Bab 73 ~ Penyesalan

215 77 4
                                    

Ailene menggeleng dan menangis setelah mendengar penjelasan Vilnar. 

Ia bertanya, "Apakah ini benar keinginanmu?"

Dahi Vilnar berkerut. "Apa maksudmu?"

"Menjadi kepala suku. Apakah itu memang keinginanmu?"

Vilnar termenung memikirkan kata-kata itu.

Ia lalu menggeleng pelan.

"Tidak, itu ... sebenarnya tak pernah menjadi keinginanku. Tapi ... itu keinginan ayahku, dan juga tanggung jawabku, pada suku Vallanir. Jadi tak penting itu keinginanku atau bukan; aku harus melakukannya."

"Apakah sukumu benar-benar membutuhkan dirimu?"

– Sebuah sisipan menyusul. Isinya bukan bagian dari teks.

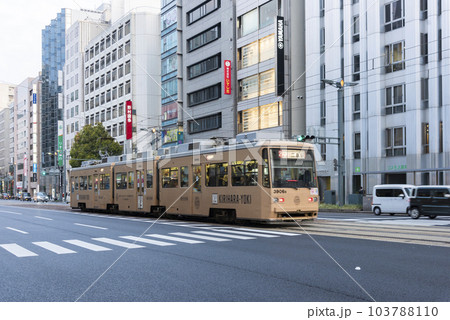 市電王国　広島 103788110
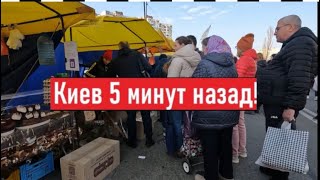 Очереди на рынке в Киеве! Что все гребут?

Vilnar terdiam lagi. Ya, apakah mereka memang membutuhkan dirinya?

Ia sendiri mulai tidak yakin setelah melihat perlakuan yang ia terima dari semua orang hari ini. Baginya, jika mereka sampai melukai Ailene dan memperlakukannya secara tidak hormat, berarti mereka melakukan hal itu pada Vilnar juga.

Ailene melanjutkan, "Karena ada dua orang di sini yang amat membutuhkanmu melebihi semuanya. Dua orang yang tak mungkin bisa hidup jika kau sampai tidak ada lagi."

Vilnar terhenyak. Seluruh ucapan istrinya benar. Ada Ailene dan Vahnar di sini. Apakah ia memikirkan nasib mereka kala ia menantang musuh-musuhnya tadi?

Vilnar terduduk lemas di tepi tempat tidur. Semangat tempurnya yang menggebu-gebu menguap. Ia selalu dikenal sebagai seorang yang adil dan teguh pendirian, juga berani dan kadang ceroboh. Kini, begitu melihat tangisan istrinya ia tahu bahwa ia mungkin telah membuat kesalahan. Karena apa pun yang terjadi besok, menang atau kalah, begitu ia mengejar musuh-musuhnya, maka ia tidak hanya membahayakan keselamatan dirinya sendiri, tapi juga keselamatan dan kelangsungan hidup istri dan anaknya.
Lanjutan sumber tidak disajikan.